PictureHCC and UH Hilo students cutting ginger in the valley. Photo courtesy of Drew Kapp.
     Nestled at the foot of Hi‘ilawe falls, Napo‘opo‘o Village was originally one of the largest settlements in the valley. Because of its isolation, it’s impossible to bring in machinery, or to haul materials out. Through volunteer help, green waste has been composted, rock walls have been rebuilt, and lo‘i reestablished.  
   “Different school groups helped us open up the lo‘i. We didnʻt sell taro. We donated to school events and now we give to families,” said Kūlia. A distant echo from the past when there were poi factories in the valley that supplied Hāmākua, Pa‘auilo, Waimea and Waiki‘i with poi, hauled up in mule trains.
   Napo‘opo‘o has also been planted with a community garden that contains natives and endemics used for both la‘au lapa‘au and cultural practices such as hula. “We had no money so we used whatever we had. It was all overgrown so we made a community garden. It has everything people need for food and cultural practices. Every kind of flower for hula, and banana, breadfruit, sugarcane, 15 milo trees, kukui and hala,” shares Kūlia.

PictureSam Huston State University students volunteering at Koa'ekea (lookout). Photo courtesy of Ava Fujimoto Strait.
    This is mirrored up at Koa‘ekea, the lookout, where lush native gardens thrive. This was made possible when the County of Hawai‘i purchased the property through the Public Open Spaces and Natural Resources (PONC) program and awarded the stewardship to Pōhāhā I Ka Lani.
   “It had been a dump site. There were 13 abandoned vehicles, 50 loads of trash, and an abandoned lunch truck with a banyan tree growing from it. We cleared it all out and planted natives. The community came out and helped. Uncle Toko came with his torch and helped us with the lunch truck. People brought weed whackers, plants they grew and helped us to cook,” recalls Kūlia.

PictureJesse and Uncle Walter Wong talk rock wall story.

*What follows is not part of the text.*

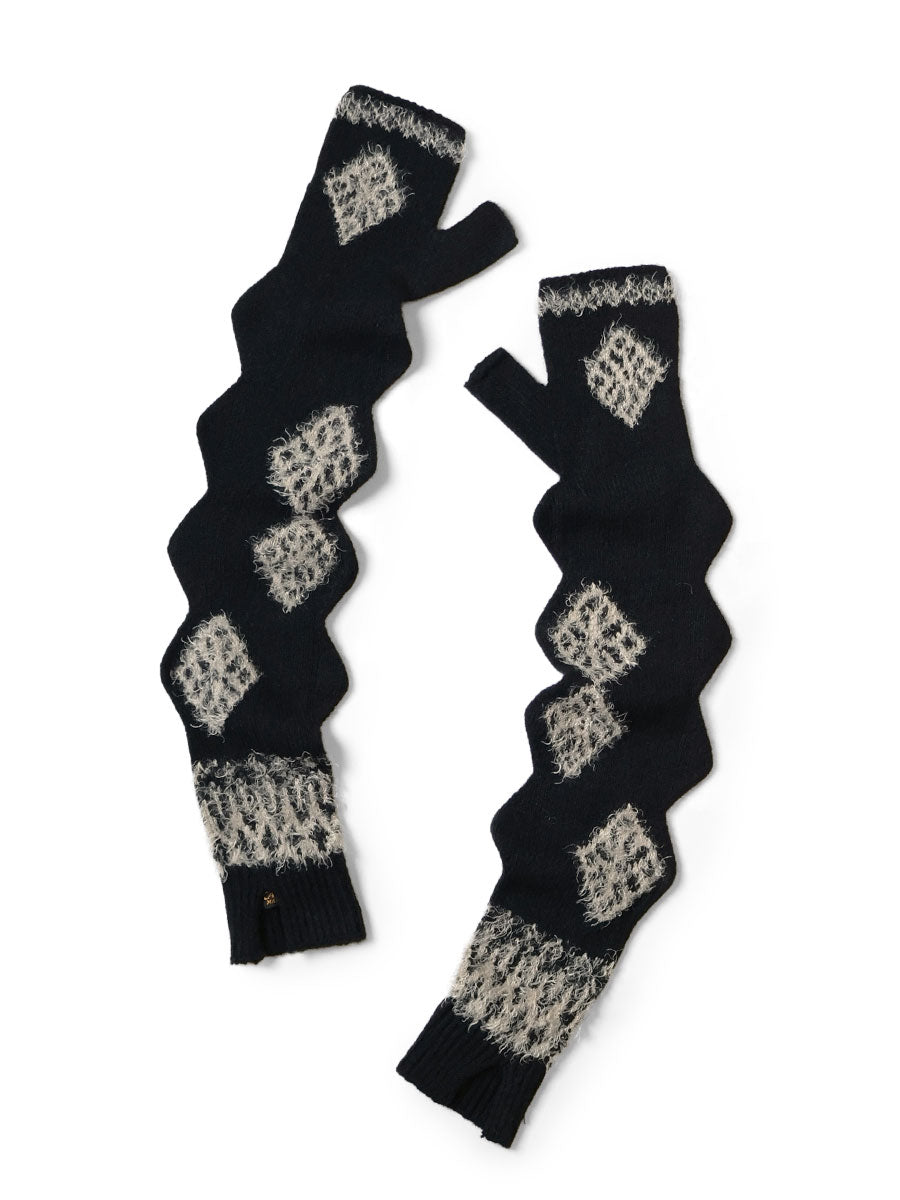 Kapital 10G Wool GIZAGIZA Arm Warmers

Photo courtesy of Kūlia Tolentio Potter.
    Building a rock wall to protect the rim lands is another recent project involving many hands, guided by kahuna pohaku, (rock wall expert) Uncle Walter Wong, and many volunteers who have given their time and effort to Waipi‘o.
   I join a Growth International Volunteer Excursion (GIVE) group, assembled at the entrance to one of the rim land sections. Their introductions are wide-ranging across the continental US and they have come together for the first time, with a common purpose: to give back.
   One of the volunteers asks: “Is there anything around here that can be used as medicine?” Kūlia identifies honohono, which is a plant that can be used to seal wounds in the absence of a first aid kit. After a short lesson about the uses of the ti plant, the volunteers get to work clearing weeds and grass from around large boulders, what Kūlia identifies as “protectors”, on either side of the entry.
   As difficult and demanding as the work can be, Kūlia continues to live up to her name as one who strives with strength and wisdom to share the gifts of Waipi‘o Valley that have touched the lives of so many.